En plus du soutien des milices et des groupes terroristes, le Mufti entretient d’excellents rapports avec Khalifa al-Ghoweil, l’actuel chef « islamiste » du gouvernement du Congrès national libyen (GNC) – le concurrent du GNA à Tripoli-. En octobre 2016, le GNA a subi une tentative de coup d’État par les forces du GNC où les hommes de Ghoweil ont attaqué le complexe Rixos, haut-lieu de la politique tripolitaine, après avoir été éjectés de la capitale en mars 2016. Certains médias libyens affirment que la majorité des membres de l’équipe de Ghoweil sont des fidèles du Grand mufti.

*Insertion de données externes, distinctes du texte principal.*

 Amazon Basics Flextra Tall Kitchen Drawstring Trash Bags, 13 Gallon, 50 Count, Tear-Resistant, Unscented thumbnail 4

Celui-ci aurait une place de choix dans les cercles décisionnels du GNC, et participerait à des choix stratégiques comme la tentative échouée du coup d’État. Ainsi, le 12 janvier 2017, des milices proches de Ghoweil et Ghariani ont récidivé en assaillant trois édifices ministériels – ceux de la défense, du travail et des « martyrs » –, sans succès encore une fois. Même si les ministères ont été finalement récupérés par le gouvernement officiel, l’assaut a failli mettre un terme à l’impotent GNA.
Face à l’inertie du gouvernement d’union nationale devant l’attitude désobligeante du Mufti, les tripolitains réagissent avec engagement. Des affiches anti-Ghariani, portant le visage du mufti barré au rouge, avec comme slogan « Non aux frères musulmans. Arrêtez de faire couler le sang libyen », ont été collées en septembre dernier sur les murs de la capitale. Cet acte de contestation a créé un vrai débat de société en Libye sur le personnage de Ghariani. Il n’a pas été du goût du Sheikh, ni de ses milices qui ont fermement appelé à punir les «mécréants » qui veulent nuire au Mufti.
À bien des égards, Sadiq Al-Ghariani est un produit du wahhabisme le plus abject qui a fermenté dans le chaos sécuritaire et politique de la Libye post Kadhafi. Ses prêches incitent ses fidèles à choisir les voies du chaos et de la violence et rejette,t la sagesse des anciens et les valeurs de l’islam maghrébin.